Sorry for my poor English! When I run the code first time, it worked well. But when I rerun the code, it run error as above. I think it error because all nodes has its embedding already, so when run the code in the lib below: file: langchain_community\vectorstores\neo4j_vector.py from line 1421

        while True:
            fetch_query = (
                f"MATCH (n:`{node_label}`) "
                f"WHERE n.{embedding_node_property} IS null "
                "AND any(k in $props WHERE n[k] IS NOT null) "
                f"RETURN elementId(n) AS id, reduce(str='',"
                "k IN $props | str + '\\n' + k + ':' + coalesce(n[k], '')) AS text "
                "LIMIT 1000"
            )
            data = store.query(fetch_query, params={"props": text_node_properties})
            text_embeddings = embedding.embed_documents([el["text"] for el in data])

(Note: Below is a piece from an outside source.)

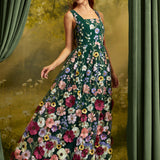 A woman wearing a sleeveless, floor-length floral dress with a dark green base and large multicolored flowers, posed in front of a scenic backdrop with green curtains.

This code will fetch some nodes which don't have embedding_node_property. Since all nodes in my neo4j already have embedding, so the data is a empty list. Then in the code following, 0 is out of an empty list's index. file: sentence_transformers\SentenceTransformer.py from line 563

        elif convert_to_numpy:
            if not isinstance(all_embeddings, np.ndarray):
                if all_embeddings[0].dtype == torch.bfloat16:
                    all_embeddings = np.asarray([emb.float().numpy() for emb in all_embeddings])
                else:
                    all_embeddings = np.asarray([emb.numpy() for emb in all_embeddings])

That's where the error happened. I have got the answer from the bot, but I still think it is bug which needs to be fixed! Thanks!

System Info

langchain==0.2.6 langchain-community==0.2.6 langchain-core==0.2.10 langchain-huggingface==0.0.3 langchain-openai==0.1.10 langchain-text-splitters==0.2.2 windows 11 python3.12

I add a determine statement in the file "C:\Users\MyUserName\AppData\Local\Programs\Python\Python312\Lib\site-packages\langchain_community\vectorstores\neo4j_vector.py" from about line 1431:

data = store.query(fetch_query, params={"props": text_node_properties})

if len(data) == 0:
      break
text_embeddings = embedding.embed_documents([el["text"] for el in data])

I just add if len(data) == 0, but I don't know whether there will be some side effects.

Hope this helps you!

It works for me. No side effects so far.

Astroa7m commented 4 weeks ago

@SeeleZaych Solution worked for me, hopefully we get a fix of this soon.